Reproduce exactly, from the data that follows, the line with "Luxurious bathroom with", the line with "Front view of", and every line that lies between them.

**Extracted material**
^^^^^^^^^^^^^^^^

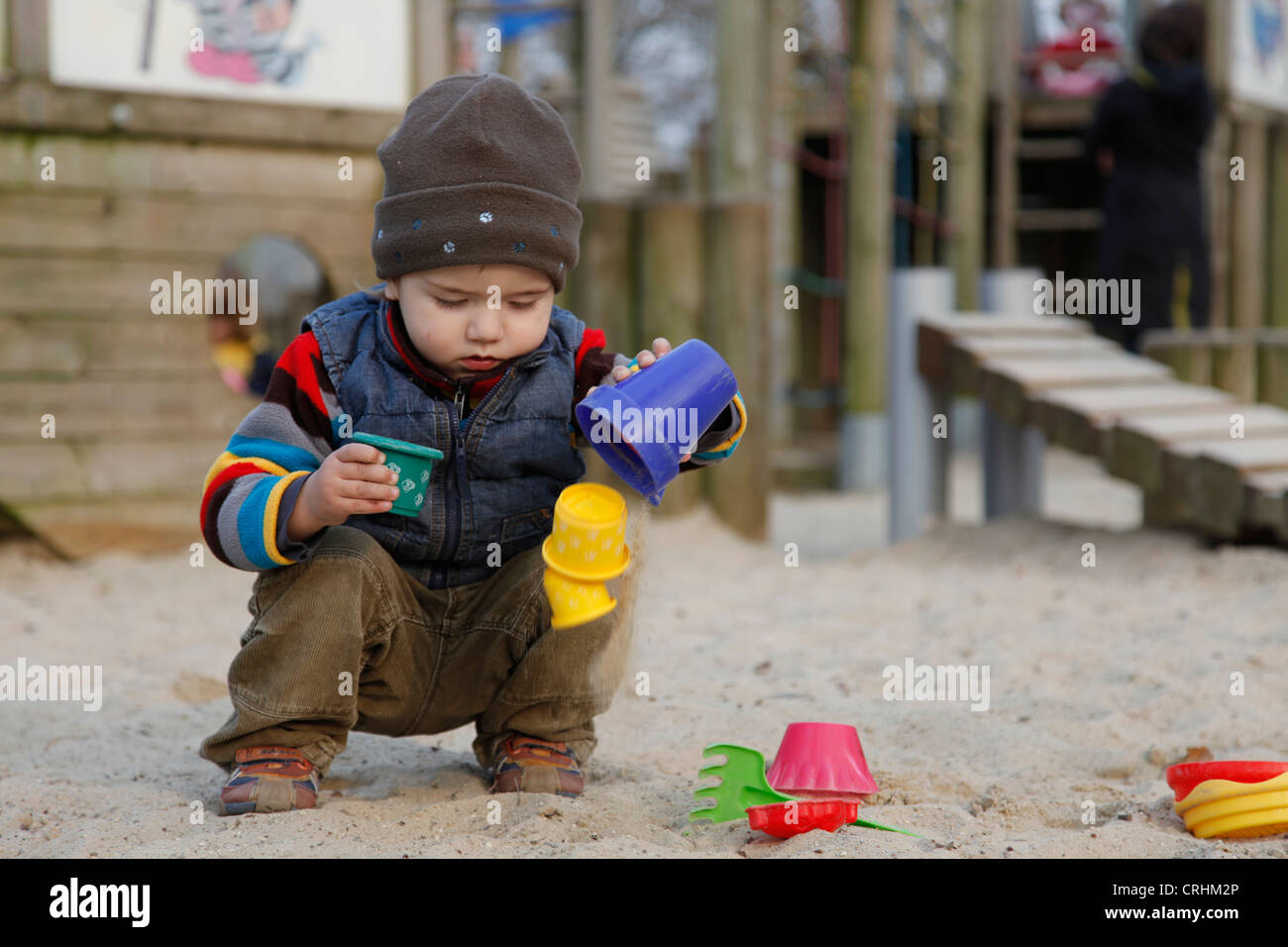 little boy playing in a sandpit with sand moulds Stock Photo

^^^^^^^^^^^^^^^^

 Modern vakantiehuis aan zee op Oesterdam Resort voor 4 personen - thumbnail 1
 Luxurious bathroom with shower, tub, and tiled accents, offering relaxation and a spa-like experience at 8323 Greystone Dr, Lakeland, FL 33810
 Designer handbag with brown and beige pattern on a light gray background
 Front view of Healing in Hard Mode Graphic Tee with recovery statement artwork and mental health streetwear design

^^^^^^^^^^^^^^^^

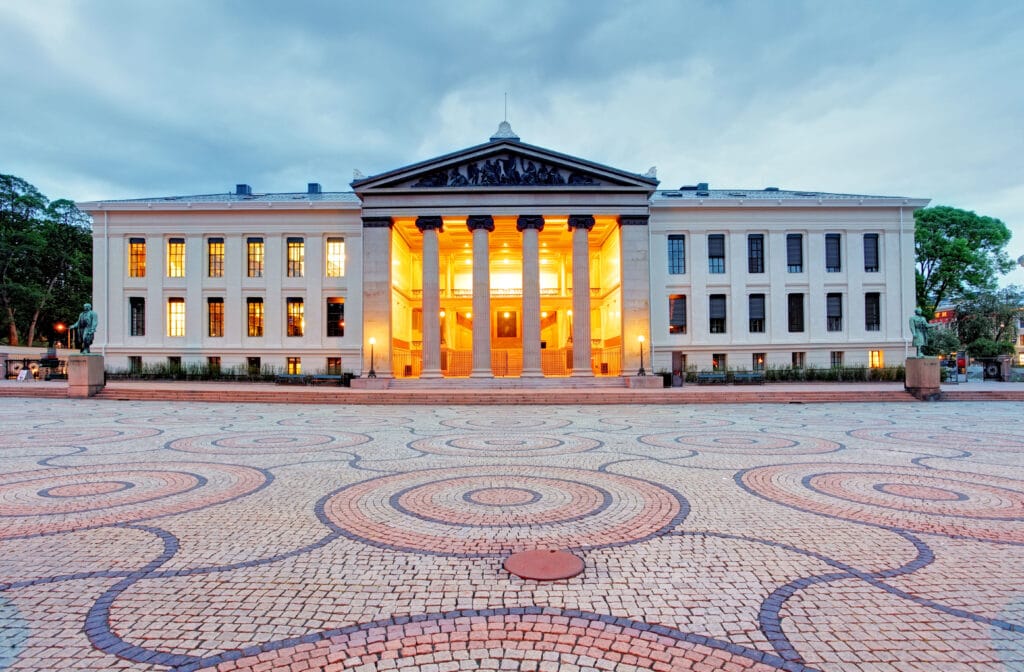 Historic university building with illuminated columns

^^^^^^^^^^^^^^^^

**Response box**
 Luxurious bathroom with shower, tub, and tiled accents, offering relaxation and a spa-like experience at 8323 Greystone Dr, Lakeland, FL 33810
 Designer handbag with brown and beige pattern on a light gray background
 Front view of Healing in Hard Mode Graphic Tee with recovery statement artwork and mental health streetwear design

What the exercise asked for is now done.